Windows Interface for Tree Tagger
Ciarán Ó Duibhín
Latest version of tagger program interface: 2017/02/03
• Handling of utf8 improved. Utf8 text may now be used with Latin-1 language model, and vice versa. Utf8 text may or may not have a byte-order-mark (BOM). The output will have the same encoding and the same BOM status as the input.
Version of 2016/08/21
• Fixed: options to output probability tree and affix tree did not run if directory names contained a space.
Version of 2016/03/30
• A customised version of ttmodels.txt is now allowed in the directory containing the shortcut to the tagging interface. If such a file exists, it will be used in preference to ttmodels.txt from the \lib directory. For this feature to work, it is necessary to blank out the "Start in" field of the shortcut (which is probably a good idea anyway).
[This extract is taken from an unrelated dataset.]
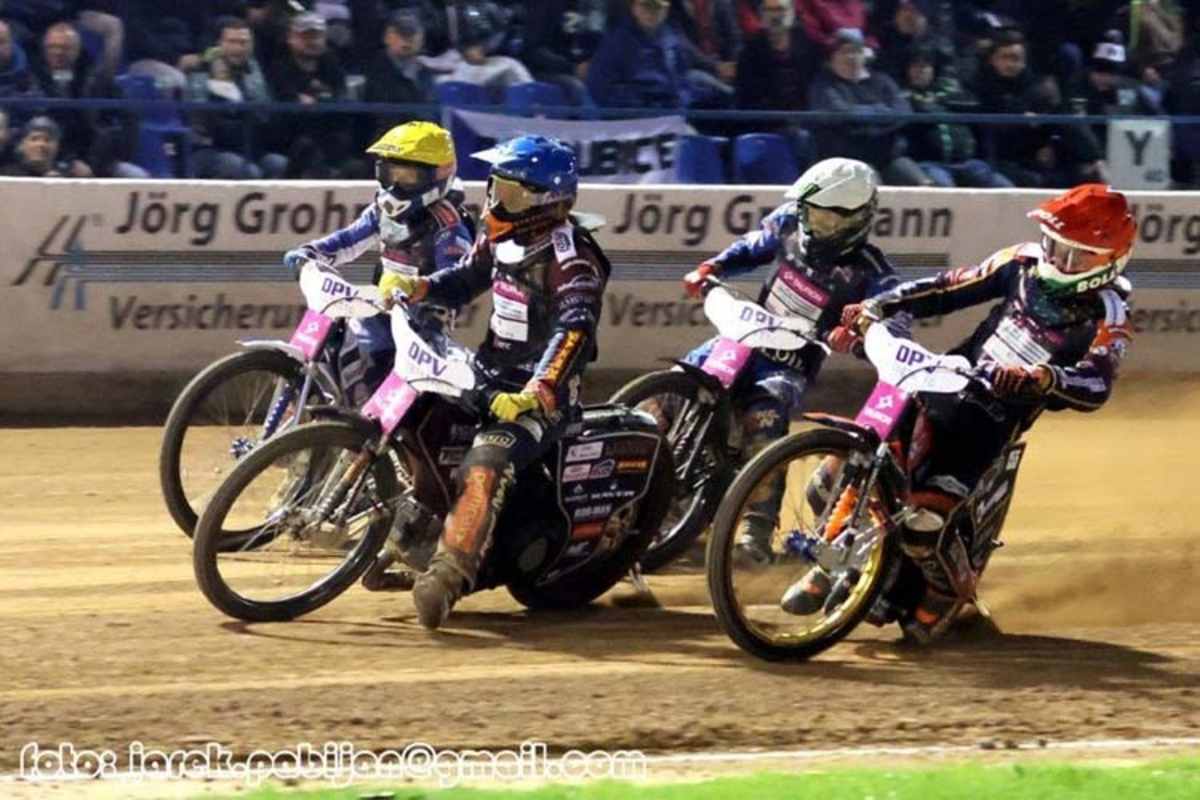 Kubera, Madsen, Michelsen, Bewley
It is also permitted to place parameter files in the shortcut directory, which may be useful for models under development.
• An error is fixed which prevented "languages" with names like "Italian (Baroni)" or "Dutch (Bioche)" from detecting relevant abbreviations files or multiword files.
Latest version of training program interface: 2016/03/30
• A "Force utf8 input" checkbox is provided, corresponding to the -utf8 parameter for the TreeTagger training program.
This version of the Windows graphic interface for the tagger program is intended to work with utf8 encoding, as well as with latin-1 encoding. The previous version of the interface, in which the built-in tokenization option works only with latin-1 encoding, remains available here. Please report any problems with the utf8 version.
The TreeTagger is a program developed by Helmut Schmid at the University of Stuttgart (now at the University of München), for part-of-speech tagging and lemmatization. Language models (known as “parameters”, file extension .par) are supplied on the TreeTagger webpage for using the program with texts in English, French, German, Italian, Spanish, Russian, Bulgarian, Dutch, Estonian, Finnish, Galician, Latin, Mongolian, Polish, Slovak and Swahili, and models for some other languages are available from sites linked to the TreeTagger webpage. For a language for which no model exists, it is necessary to hand-tag some text, and then run a training program (provided with the TreeTagger) to create the model.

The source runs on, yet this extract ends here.